A panel chaired by Joyeeta Das, Founder of Cleantech pitch programme SuperPitch and no code analytics platform Gyana, discussed ways that underrepresented founders could be better supported, and suggested some practical advice for founders including avoiding some of the more obvious "fake it until you make it" approaches often advised by those coaching entrepreneurs, but focus instead on the fundamentals of developing a robust business model that can be easily articulated and that founders need to devote as much time and seriousness to raising money as they do every other aspect of the business.

Levelling up opportunities and skills

The Levelling Up Opportunities panel concluded that, whilst storytelling to communicate some of the fantastic tech success stories based in cities such as Manchester and Newcastle, local and national government does still have a huge part to play if significantly more opportunities in areas such as Fintech are to be extended to those who live outside of London and the M4/M3 triangle.

Only local and national government can resolve the infrastructure issues that function as a barrier to businesses being headquartered in cities other than London, and subsequently encourage the flight of skills away from cities and towns in the north, coastal towns and the south-west of England. The panel expressed a degree of frustration at the apparent absence of joined up thinking and policy on the levelling up agenda which remains, to date, more of a slogan than a tangible programme for change.

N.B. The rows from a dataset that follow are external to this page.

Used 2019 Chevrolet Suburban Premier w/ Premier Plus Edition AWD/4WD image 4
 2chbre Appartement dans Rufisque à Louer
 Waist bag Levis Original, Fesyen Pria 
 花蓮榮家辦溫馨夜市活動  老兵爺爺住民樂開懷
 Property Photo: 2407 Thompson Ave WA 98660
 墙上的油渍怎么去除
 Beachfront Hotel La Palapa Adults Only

The final panel of the day was focused on the digital skills shortage, an issue which is already causing economic harm and that continues to hamper productivity and economic growth. Contributors such as Nelson Sivalingam, Co-Founder and CEO of HowNow the learning experience platform, explained that that much time is being wasted identifying the skills that are lacking because we're living in era of exponential change. Sivalingam stated that what he often found missing in businesses was the organisational culture and mindset to approach continuous learning at a speed.

The panel also drew attention to the huge cutbacks in education spending which have and continue to have such a deleterious impact on the ability of young adults to find opportunities and the challenges inherent in quantifying the skills that people have if we're to move away from the emphasis on academic qualifications and begin to use the talents of the majority of individuals who don't go to university.